If it's a small graph, an evolutionary algorithm or MCMC might be a good approach. Represent your graph as a vector indexed by node, where nodes that get vaccinated are 1 and everything else is 0. Define your loss as number of nodes infected after some fixed time interval, and fit the graph-vector that minimizes that loss.
An alternative that would probably work (both for a small or large graph) would be to encode your graph topology as graph and node embeddings, then fit an RL agent that takes a graph embedding as input and returns a state vector that you compare to your node embeddings (something like cosine similarity would probably work here, or just fit a separate scoring model that takes the agent state and a node as input) to get a ranking of the top 50 candidates to vaccinate.
Heuristically, you could just try different centrality measures. You already identified degree centrality as a candidate heuristic: I'd recommend you consider something like pagerank, eigen centrality, or betweenness centrality as well.
One issue that immediately comes to mind here is that the graph topology and scale will have a lot of impact on the optimality of your intervention. It might be the case that there is no heuristic under which choosing fifty nodes like this will make a difference. The famous Chains of Affection study (Bearman et. al, 2004) comes to mind. The authors wanted to model the topology of student sexual relationships at a high school to recommend interventions to reduce the spread of STDs. Like you, they went into the study with the assumption that there was likely a small cohort of students they could target to have a sizable effect on the broader population. Here's some relevant discussion of their findings:
Discussion
Disease diffusion is widespread among adolescent populations. The standard models that epidemiologists use to describe the dynamics of diffusion carry implicit ideas about the contact structure through which disease travels. These ideas are associated with distinct structural features of sexual networks. The most critical feature in STD epidemiology is the idea of a core, which is associated with cycles in networks. Moody et al. (2003) have demonstrated that very low average degree networks can give rise to densely interconnected cores, characterized by high cyclicity. In our data, we find that this key structural feature is largely absent. We have proposed a reason for its absence, specifically a norm against seconds partnerships. [...]
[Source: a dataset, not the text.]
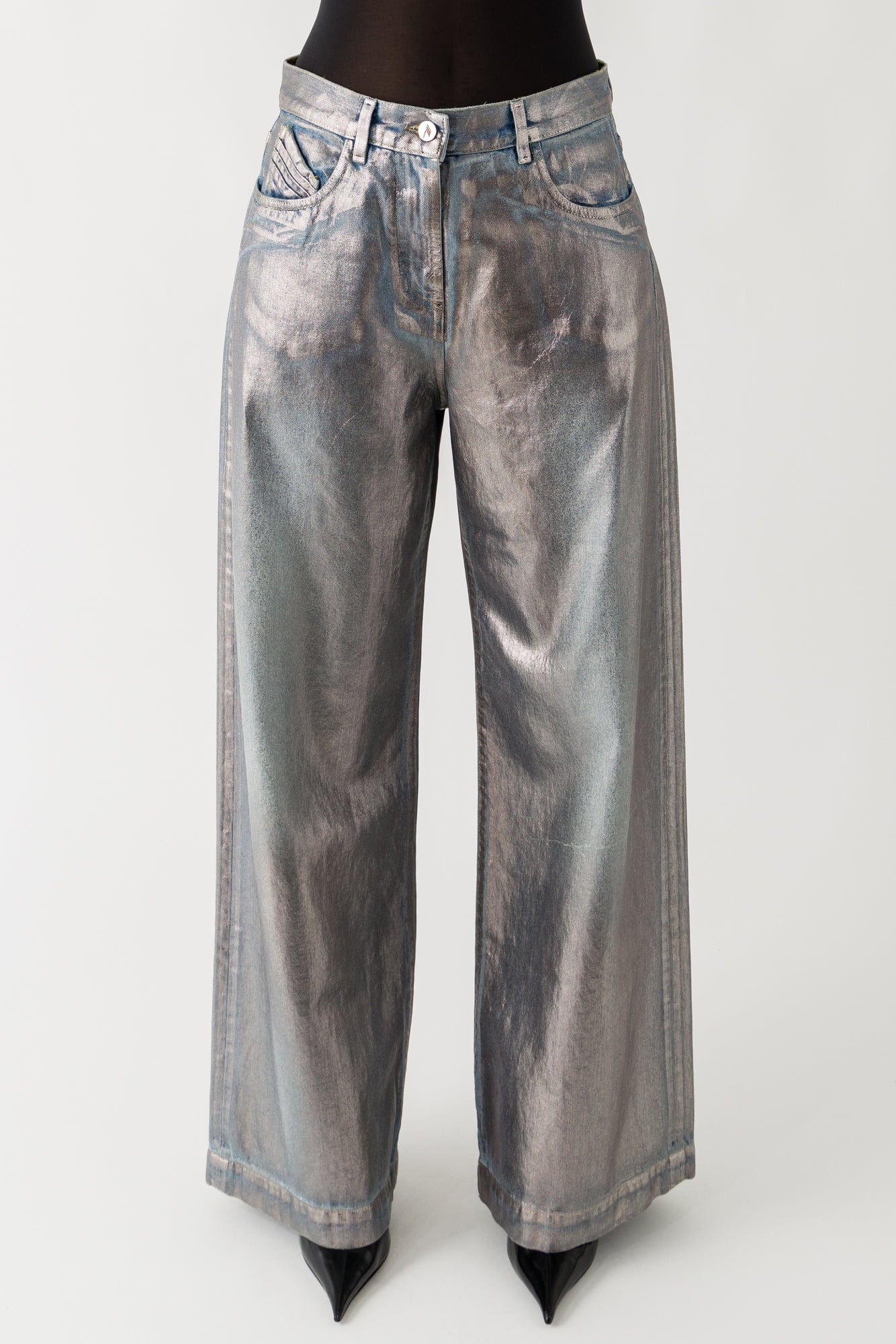パンツ Y2K Archive Luster Silver Coated Denim The Attico Laminated Denim Jean In Silver – Antidote Fashion and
In theory, spanning trees are among the most efficient structures for diffusion since the absence of redundant lines maximizes reach at lowest density. Yet their efficiency is counteracted by their fragility: spanning trees are highly susceptible to breaks in transmission. [...] It follows that for highly infectious diseases with long periods of infectivity, transmission is also quite efficient under a spanning tree. Yet if the duration of infectivity is short, or if the disease is not particularly infectious, the probability of transmission within any given partnership is low. From the perspective of disease spread, failure to transmit disease within a given partnership is effectively a structural break in the network (Watts 2003). Since the natural infectivity and duration of infectiousness varies across STDs, we believe the most effective strategy for reducing disease diffusion rests on creating structural breaks.
We might then ask a new question: What kinds of policy intervention
will be most effective at inducing structural breaks in the sexual networks of adolescents? Here the answer is exceedingly simple. Assume that some proportion of actors who are “reached” through an intervention decide to change their behavior. Under core and inverse core structures, it matters enormously which actors are reached, while under a spanning tree structure the key is not so much which actors are reached, just that some are. This is because given the dynamic tendency for unconnected dyads and triads to attach to the main component, the structure is equally sensitive to a break (failure to transmit disease) at any site in the graph. In this way, relatively low levels of behavior change—even by low-risk actors, who are perhaps the easiest to influence—can easily break a spanning tree network into small disconnected components, thereby fragmenting the epidemic and radically limiting its scope. Obviously, similarly low levels of change in cores will have little impact.
All this is to say that you might be operating under a false premise: targeting a small subset of your population might not be the best allocation of your resources. There may be a more effective intervention that targets the graph more broadly, in which case "Which 50 nodes should I vaccinate?" is the wrong question. If you can attribute a monetary cost to implementing this program, it would be worth trying to model some kind of broader intervention that falls into the same budget. Would the vaccination program be comparable in cost to an awareness marketing program that could reach more of the population? Something to consider.